> **Activity**
Of all the lines in the entries below, give again exactly those starting at the line containing "Inmigrantes sirios desembarcan" and ending at the line containing "Mercedes-Benz C class", both ends included, and no others.

> **Task inputs**
<<<<

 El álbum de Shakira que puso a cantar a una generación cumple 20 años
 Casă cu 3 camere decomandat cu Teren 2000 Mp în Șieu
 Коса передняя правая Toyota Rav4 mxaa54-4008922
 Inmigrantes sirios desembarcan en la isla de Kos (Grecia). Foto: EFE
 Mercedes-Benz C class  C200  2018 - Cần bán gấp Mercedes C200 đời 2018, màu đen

>>>>
<<<<

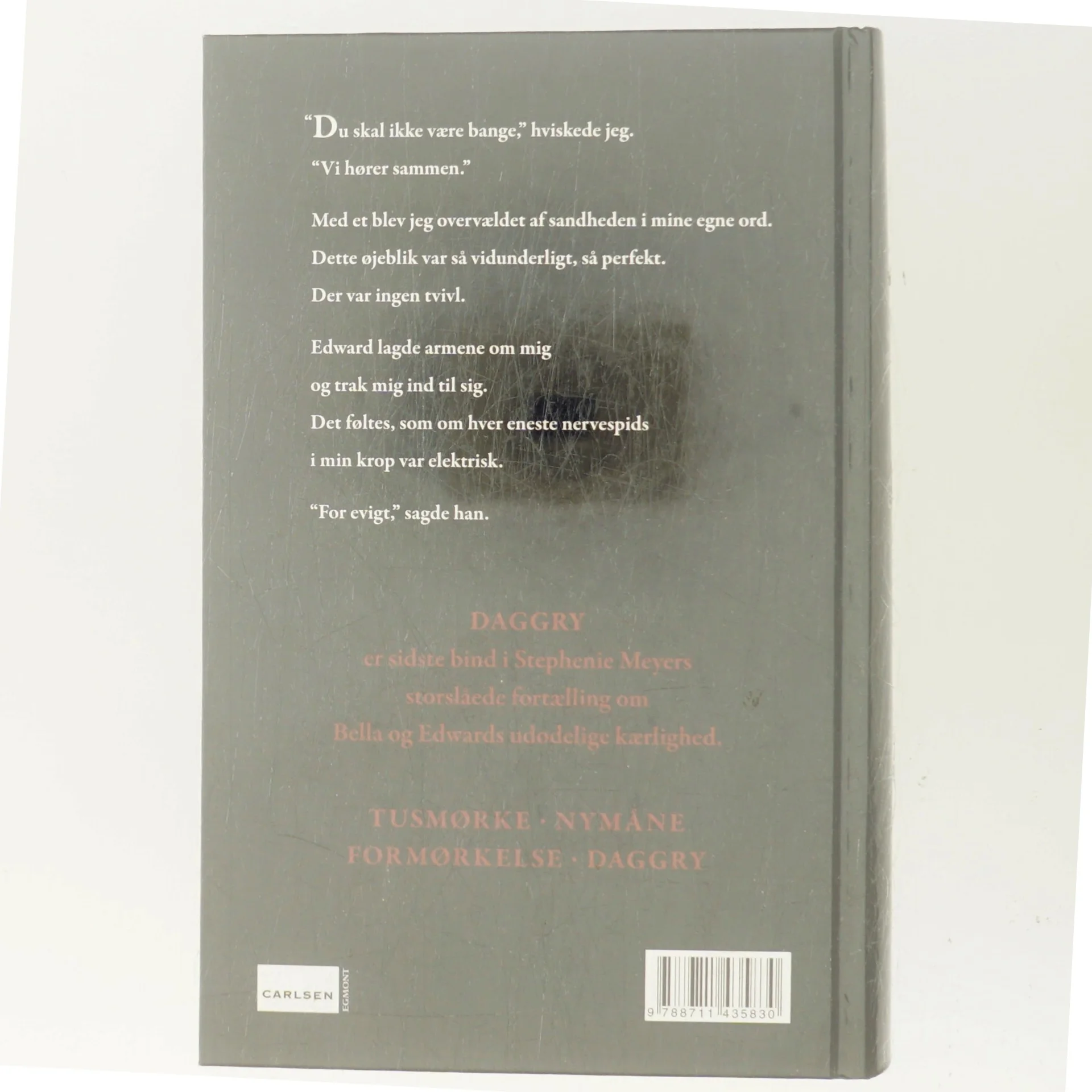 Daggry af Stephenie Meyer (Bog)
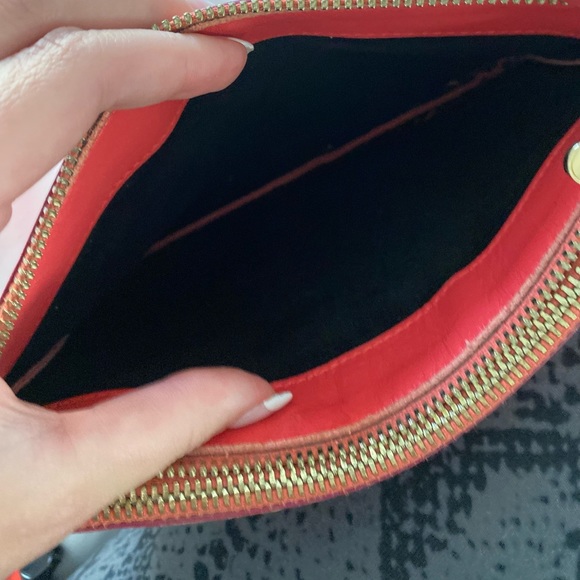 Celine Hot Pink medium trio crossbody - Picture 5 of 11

>>>>

> **Reply to the exercise**
 Inmigrantes sirios desembarcan en la isla de Kos (Grecia). Foto: EFE
 Mercedes-Benz C class  C200  2018 - Cần bán gấp Mercedes C200 đời 2018, màu đen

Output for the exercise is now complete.